The shelled egg of a hatching tortoise. Photograph distributed on Wikimedia Commons by Mayer Richard under a Creative Commons Attribution-Share Alike 3.0 Unported license.

Unlike the eggs of most reptiles and birds, amphibian eggs have no hard shell. Photograph distributed on Wikimedia Commons by Geoff Galice under a Creative Commons Attribution 2.0 Generic license.

Of course, it's important to note that the absence of evidence does not equal evidence of absence. For example, shelled eggs probably appear far earlier than is apparent from the fossil record, so although eggs of early amniotes are unknown, that doesn't automatically imply that they had soft, unshelled eggs (also, many reptiles have rather leathery and not-quite-hard eggshells). The most accurate way to say it is that we simply don't know much of anything about temnospondyl reproduction. BUT​, we do have evidence of a single occurrence of putative temnospondyl eggs (to get back to the original question).
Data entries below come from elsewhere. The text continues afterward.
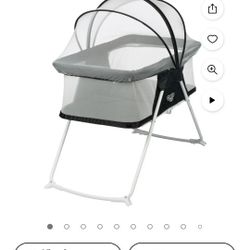 Bassinet 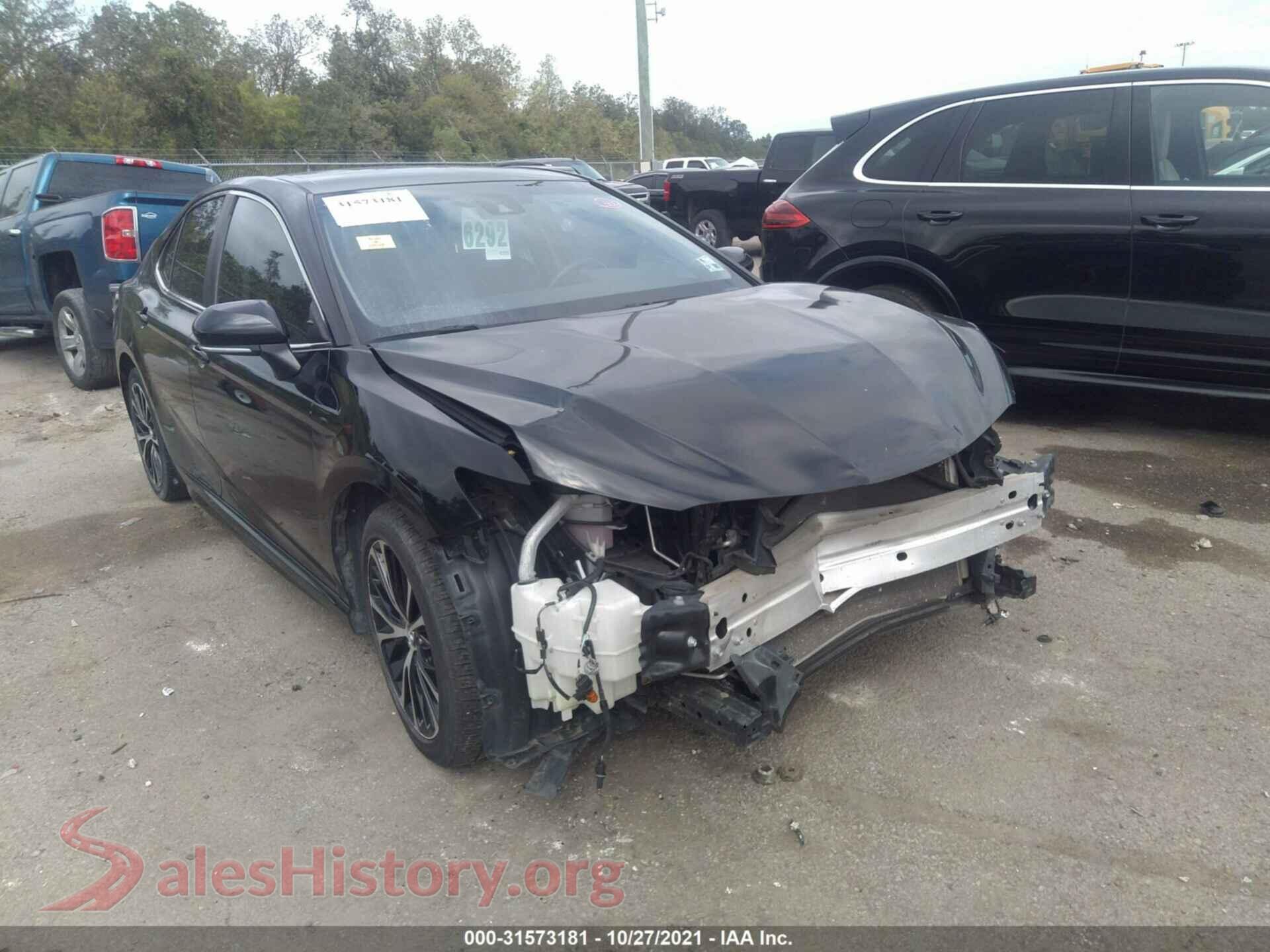 2018 TOYOTA CAMRY — VIN 4T1B11HK8JU540929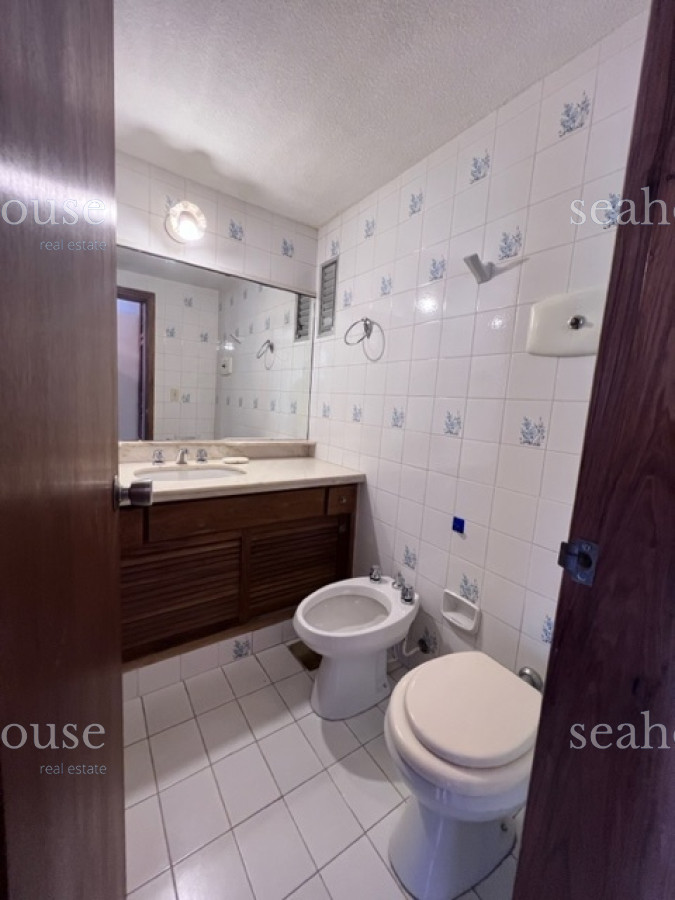 Apartamento Ref.800 - Apartamento en Peninsula a 1 cuadra playa mansa y a 2 playa brava.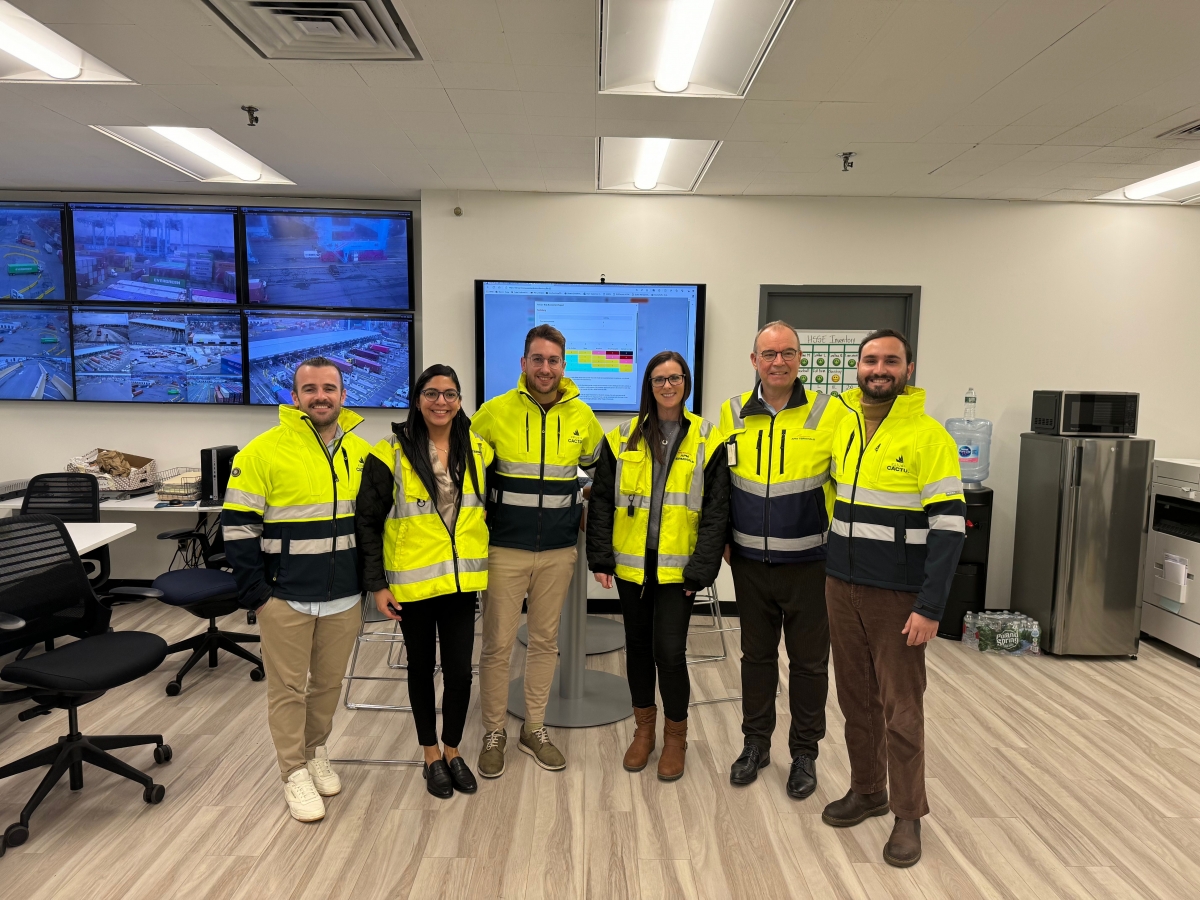 Pablo Aguirre, CEO of Stowlog, explica los beneficios de Stowlog a personal de APM Terminals - Pablo Aguirre, CEO of Stowlog, explica los beneficios de Stowlog a personal de APM Terminals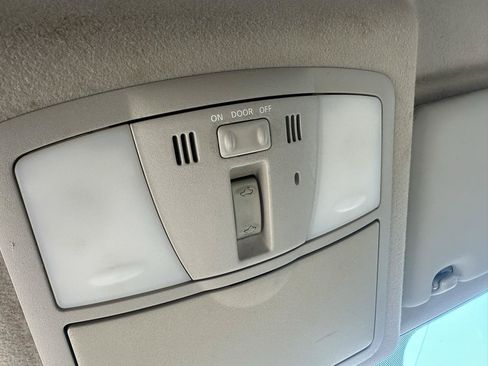 Used 2009 Nissan Rogue SL w/ Leather Pkg FWD image 16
Mamay et al. (1998) reported small aggregate masses that they interpreted as amphibian eggs. These come from the early Permian of Texas, a region that has produced an extensive amount of the early Permian terrestrial fossils from North America. The locality from which these egg-bearing slabs come from (usually called 'Fulda' after the nearby town) is not a typical tetrapod-bearing locality but rather represents a freshwater environment dominated by plants, invertebrates, shark teeth (the only bits of sharks that are usually found), and coprolites (the poo). Such an environment probably represented a low-energy environment (e.g., a pond) that would permit the preservation of these various components, which would otherwise be destroyed in a high-energy system like an active river (Mamay & Bateman, 1991).  

​These authors presented various lines of evidence to claim that they could both identify all of the typical features of anuran (frog + toad) eggs and rule out everything other than temnospondyls, from invertebrates to other tetrapods, as the probable maker of these putative eggs. They then went on to get even more specific, suggesting that it was most likely to be dissorophoids, long thought to be of some relationship to anurans and commonly found in the early Permian of Texas.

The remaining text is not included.